Jerry Maguire (Rewatch)
Dieser Film von Regisseur Cameron Crowe bewegt sich irgendwo zwischen „nett inszenierte Geschichte rund um Tom Cruise, der sich schauspielerisch echt Mühe gibt“ und „oh Mann, ist das ein fürchterlicher Kitsch ohne Pointe“.

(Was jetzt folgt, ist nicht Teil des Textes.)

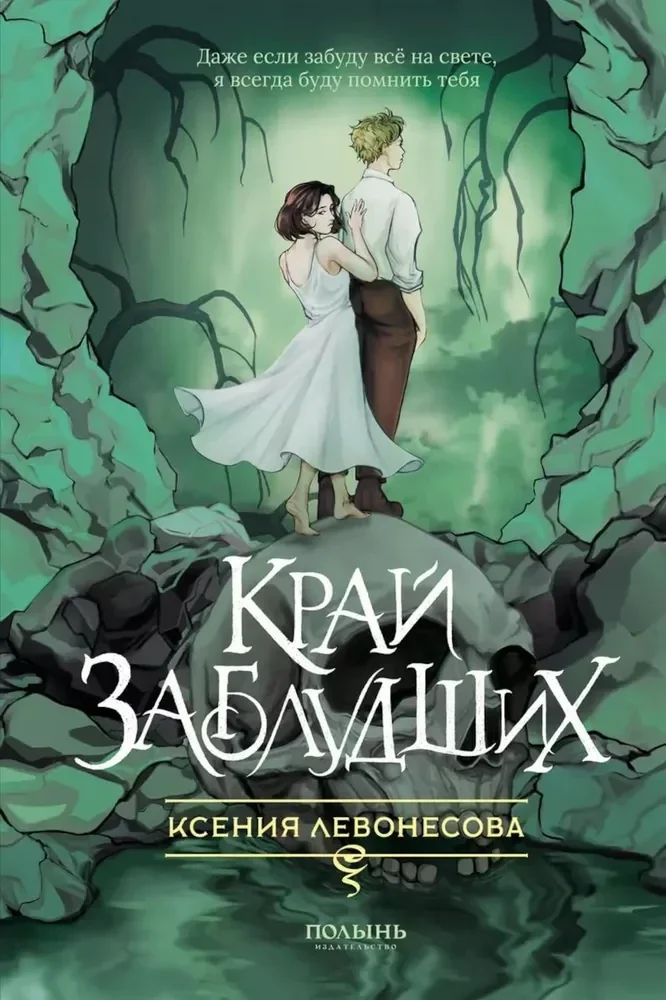 Обложка книги «Край заблудших»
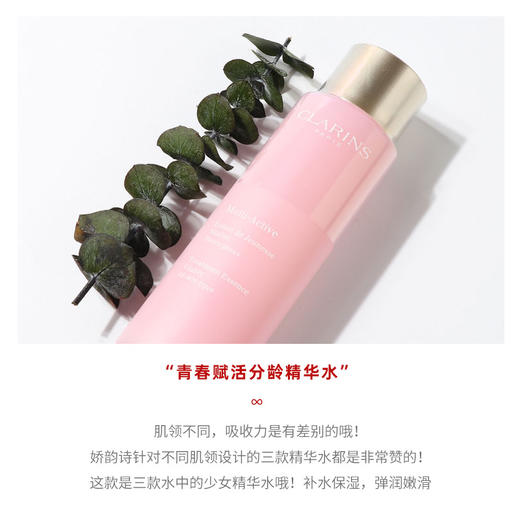 CLARINS 娇韵诗 少女水 青春赋活分龄精华水 200ml 商品图3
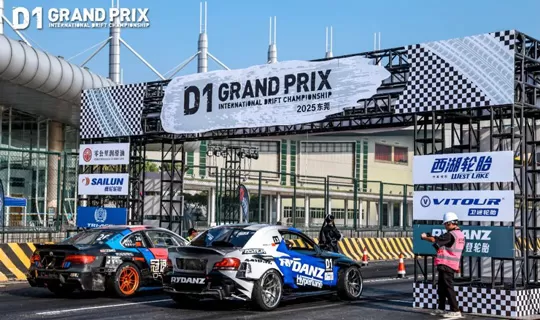 Highlights of Day 2 at the 2025 AIT Modification Show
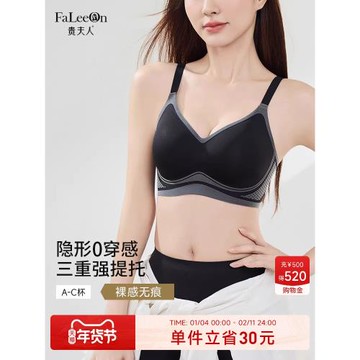 貴夫人薄款無痕內衣女聚攏軟支撐三重提托小胸顯大聚攏防下垂文胸
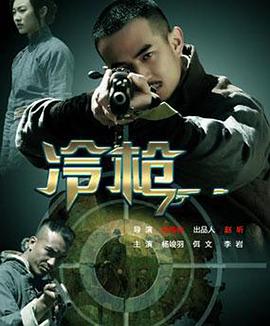 韓國(guó)漫畫天天漫畫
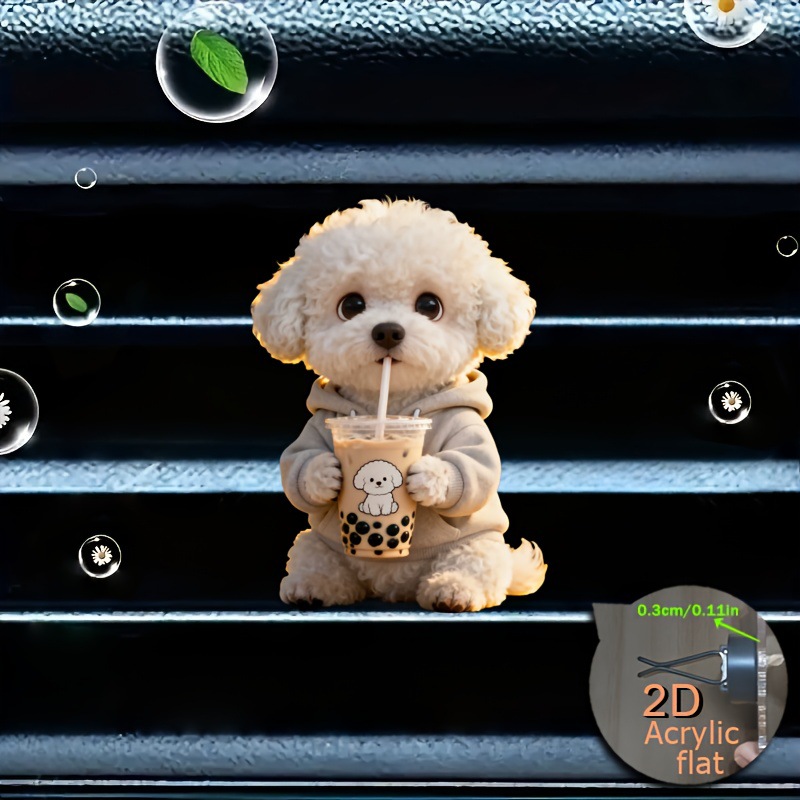 2D平面亚克力喝奶茶的比熊犬出风口夹卡通装饰品时尚汽车内饰配件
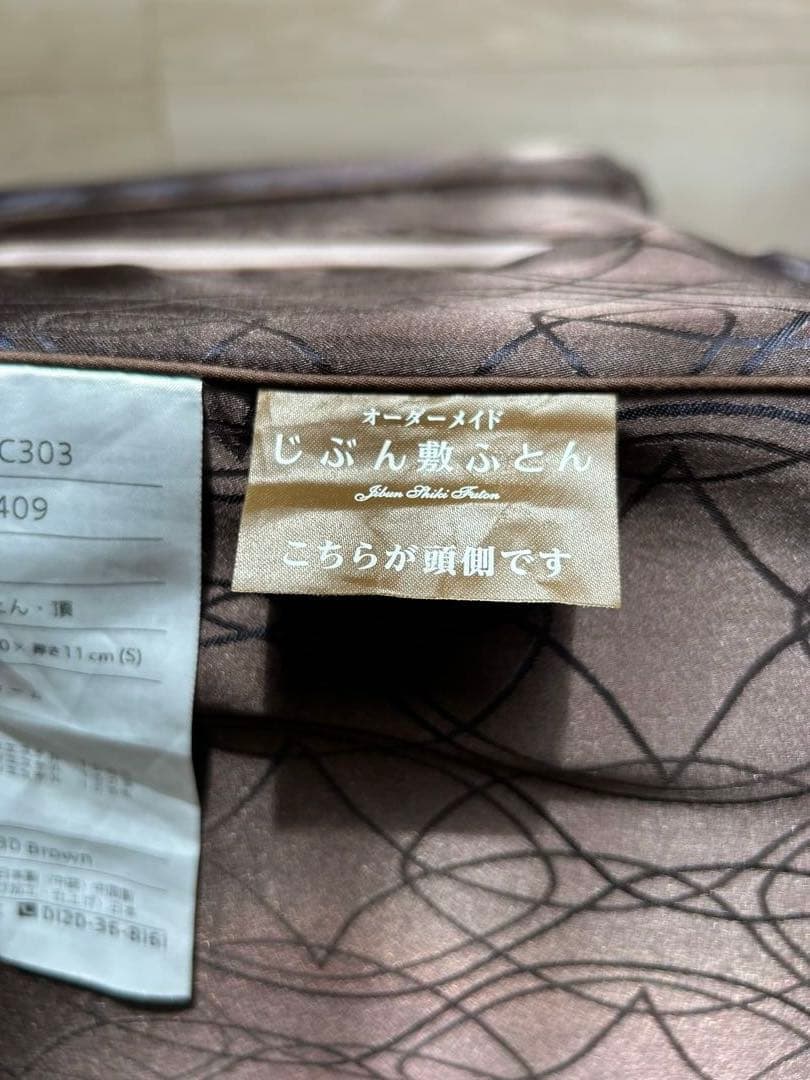 【〜8/17(日)SALE!】じぶん敷きふとん「頂」シングル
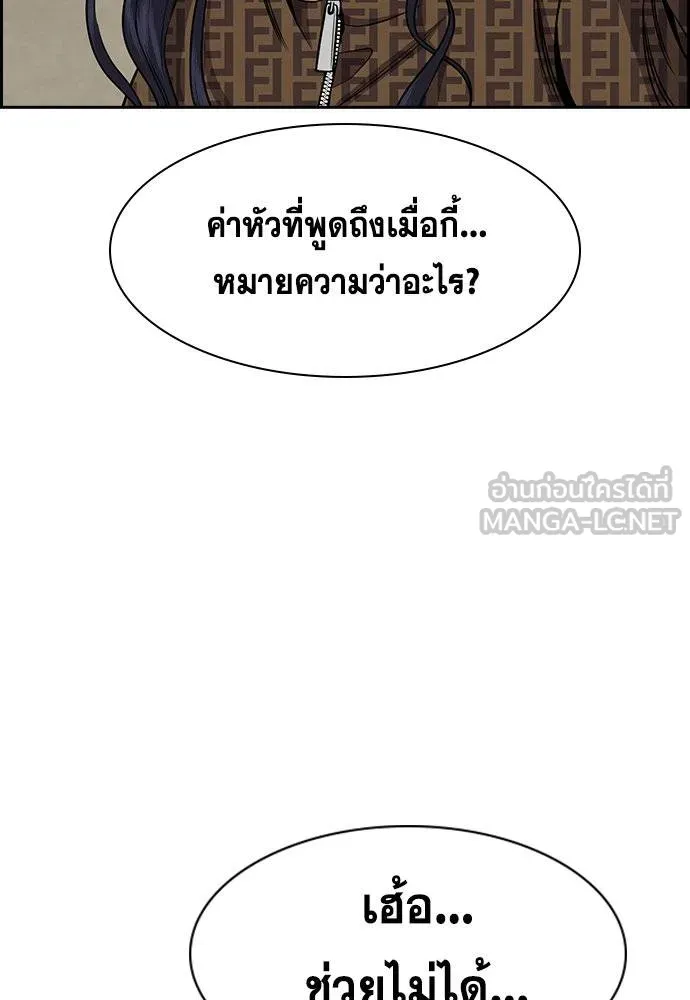 การศึกษาที่แท้จริง ตอนที่ 185 รูปที่ 37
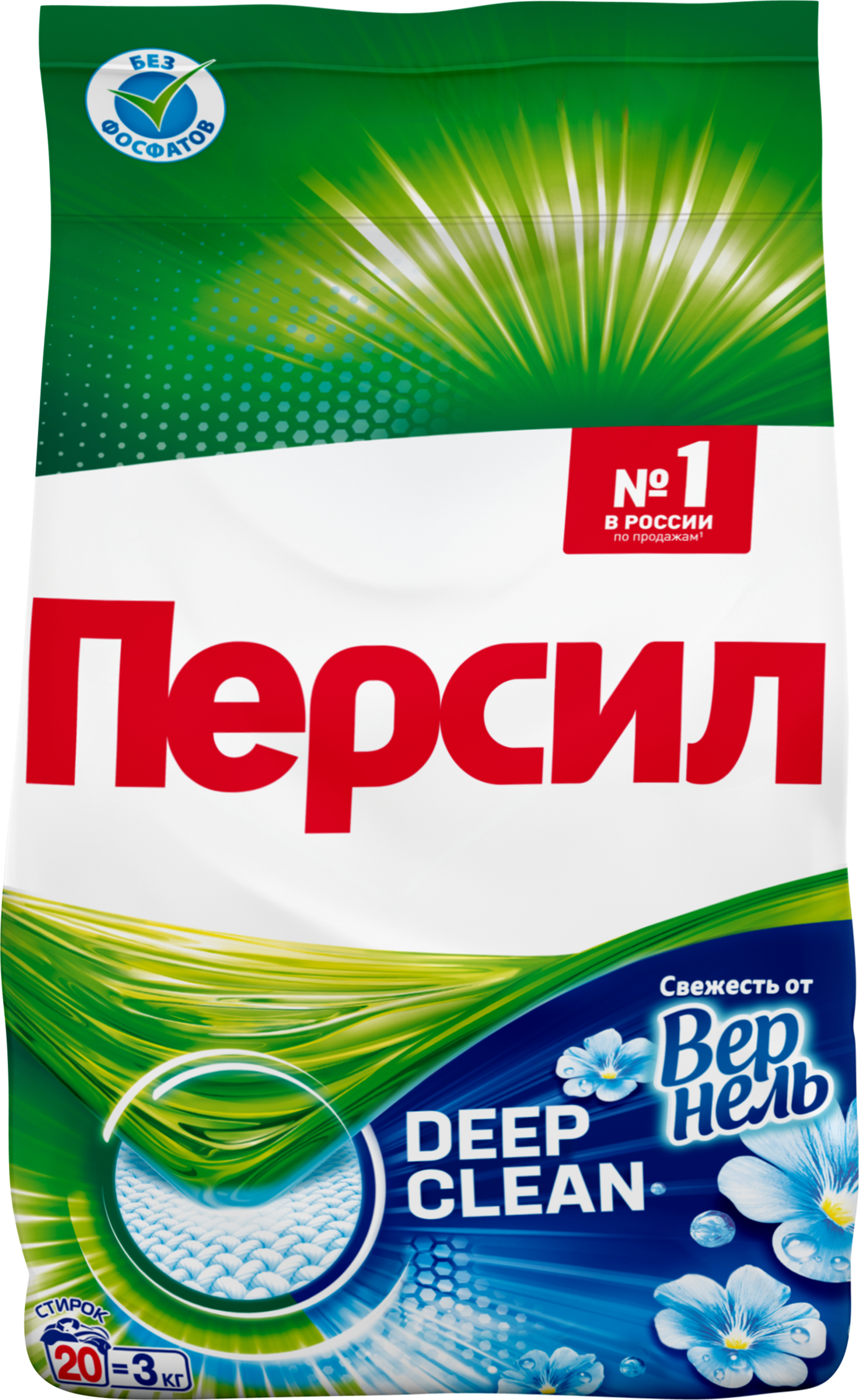 Изображение товара Стиральный порошок для белого белья ПЕРСИЛ Свежесть от ВЕРНЕЛЬ автомат 3 кг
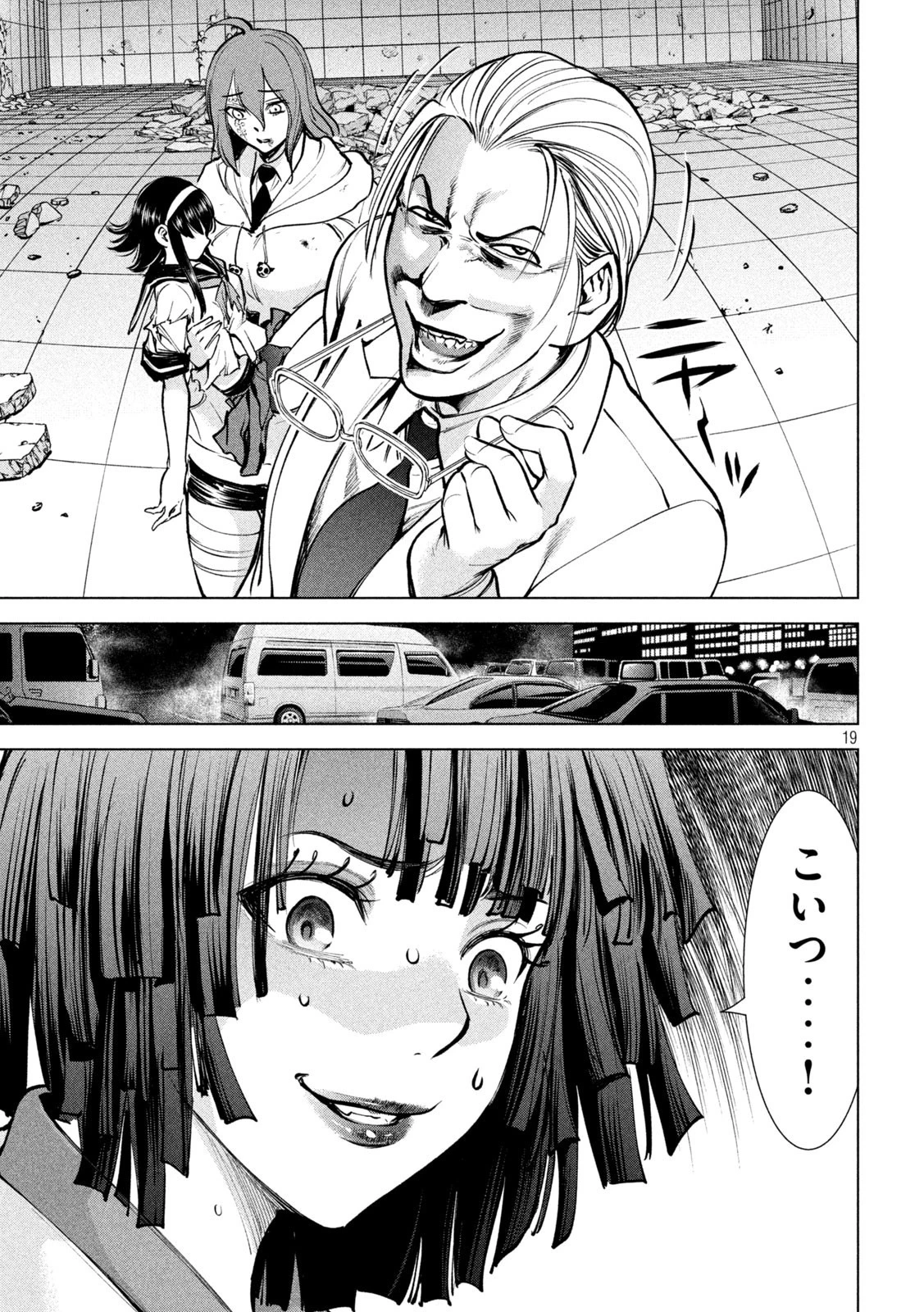 サタノファニ 第162話 - 19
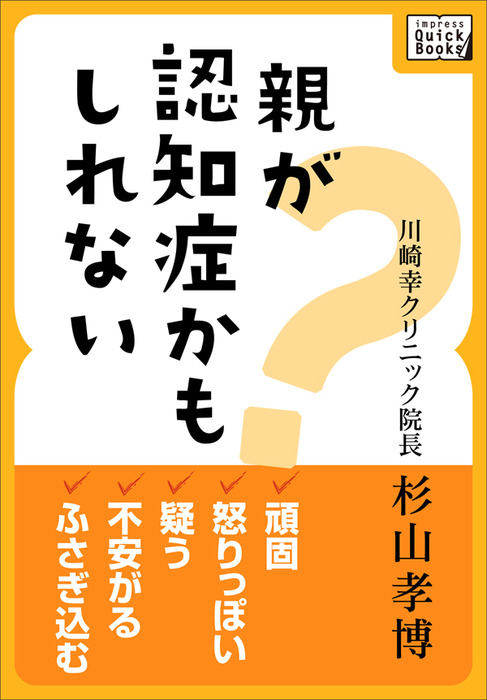 親が認知症かもしれない 頑固 怒りっぽい 疑う 不安がる ふさぎ込む 新書 杉山孝博 Impress Quickbooks 電子書籍試し読み無料 Book Walker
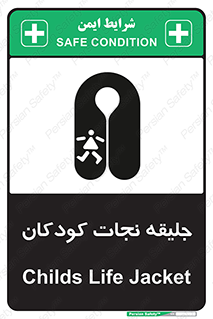 Life , Jacket , بچه , لباس , 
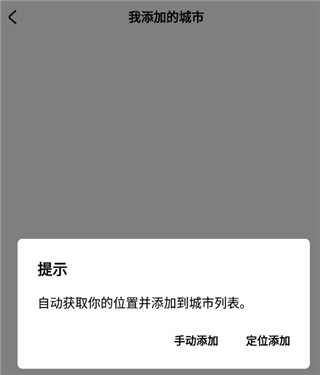 Pure天气怎么用-365攻略星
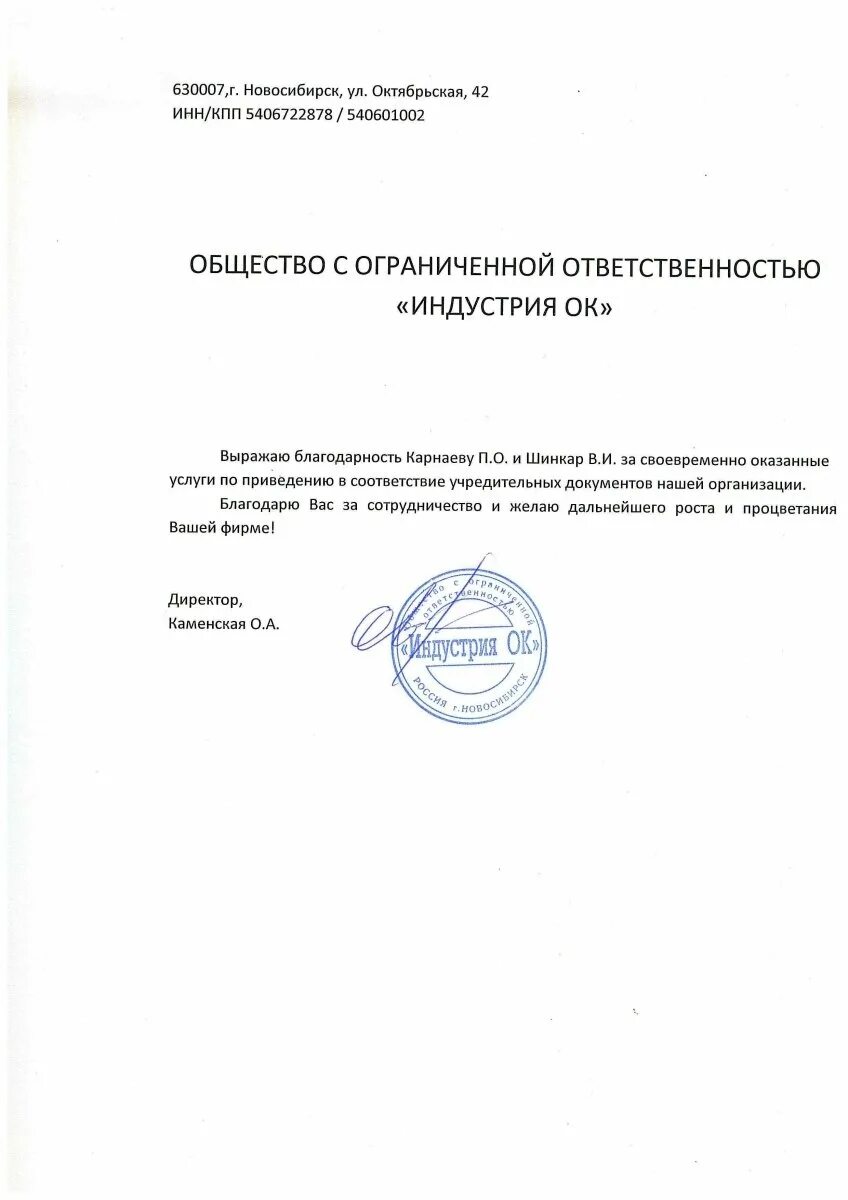 общество с ограниченной ответственностью индустрия. Obshestvo s ogranichenoj otvetstvennostyu "                ". общество с ограниченной отвественн. общество с ограниченной ответственностью. ооо "стройиндустрия м".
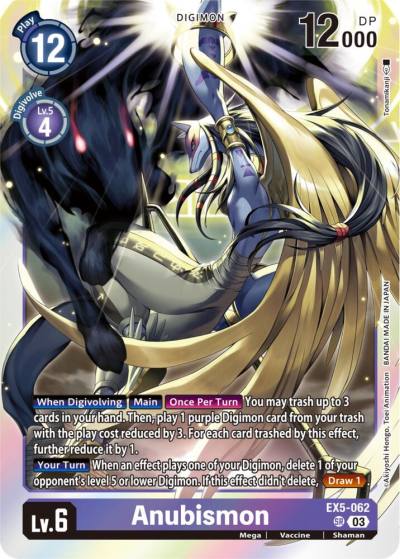 Anubismon EX5-062 SR Animal Colosseum Digimon card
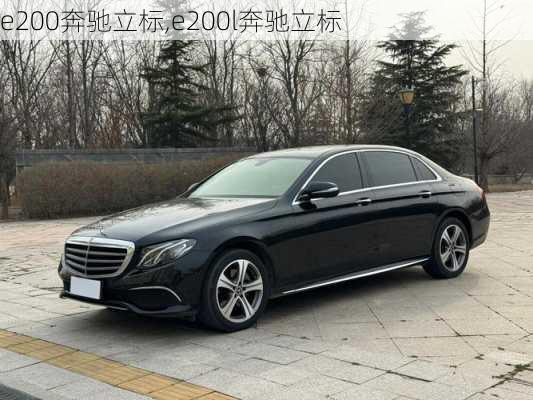 e200奔驰立标,e200l奔驰立标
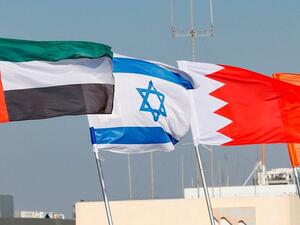 الإمارات والبحرين تهنئان "اسرائيل" بالحكومة الجديدة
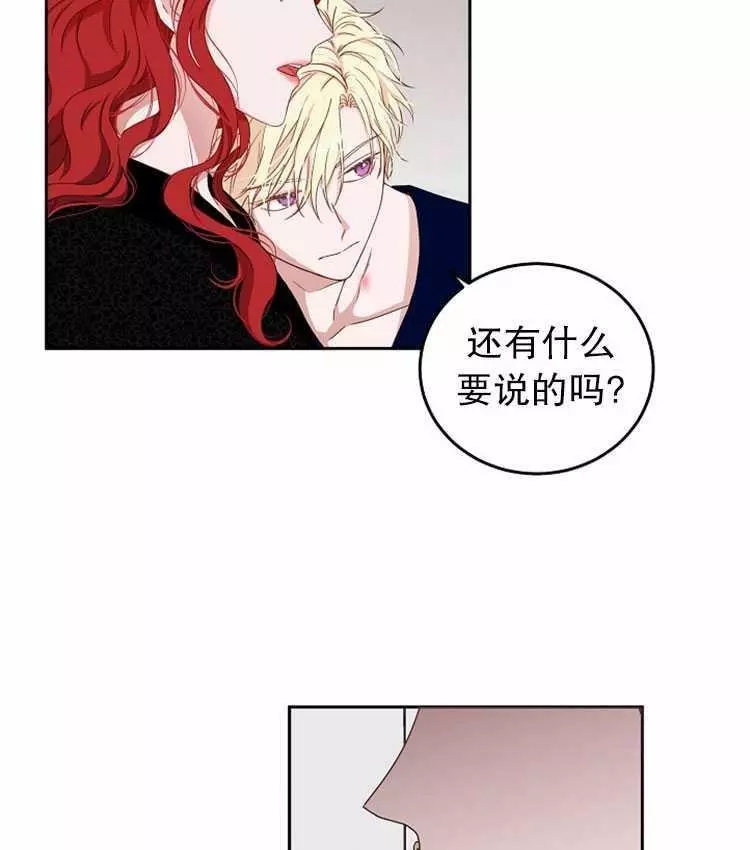 《好像掉进女尊游戏了》漫画最新章节第25话免费下拉式在线观看章节第【87】张图片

Obwohl die Handlung durchaus Potenzial für Tiefe und Tragik hat, schwimmt Cameron Crowe auf einer sehr oberflächlichen Welle und traut sich nicht, am Ende irgendwelche schwerwiegenden Konsequenzen zu ziehen und die Charaktere den Weg gehen zu lassen, der eigentlich ehrlich und realistisch gewesen wäre. Stattdessen verpasst er allem ein Happy End und streut eine Menge Puderzucker über das Märchen. Dabei gibt es in der Mitte durchaus Momente, die Herrn Crowe wunderbar gelingen, wenn er Intimität, Unsicherheit oder Reue inszeniert. Hier und da fehlt nur noch ein Schritt, um eine konsequente Charakterentwicklung aufzuzeigen, doch genau da macht dieser Film kehrt und sagt „Na na, wir wollen ja nicht zu ernst werden. Der Zuschauer soll lieber mit einem guten Gefühl zurückgelassen werden.“
Dadurch ergibt sich in meinen Augen keine glaubhafte Geschichte und an manch einer Stelle wird es sogar schwierig, wenn man reflektiert, was dieser Film gerade zu sagen versucht. Tom Cruise spielt hier einen Menschen, der durch und durch egoistisch, narzisstisch, ignorant, oberflächlich und perfide ist. Die obligatorische Katharsis wirkt höchst aufgezwungen und beinahe lächerlich umgesetzt. Hauptsache Jerry Maguire bekommt am Ende das, was er haben will.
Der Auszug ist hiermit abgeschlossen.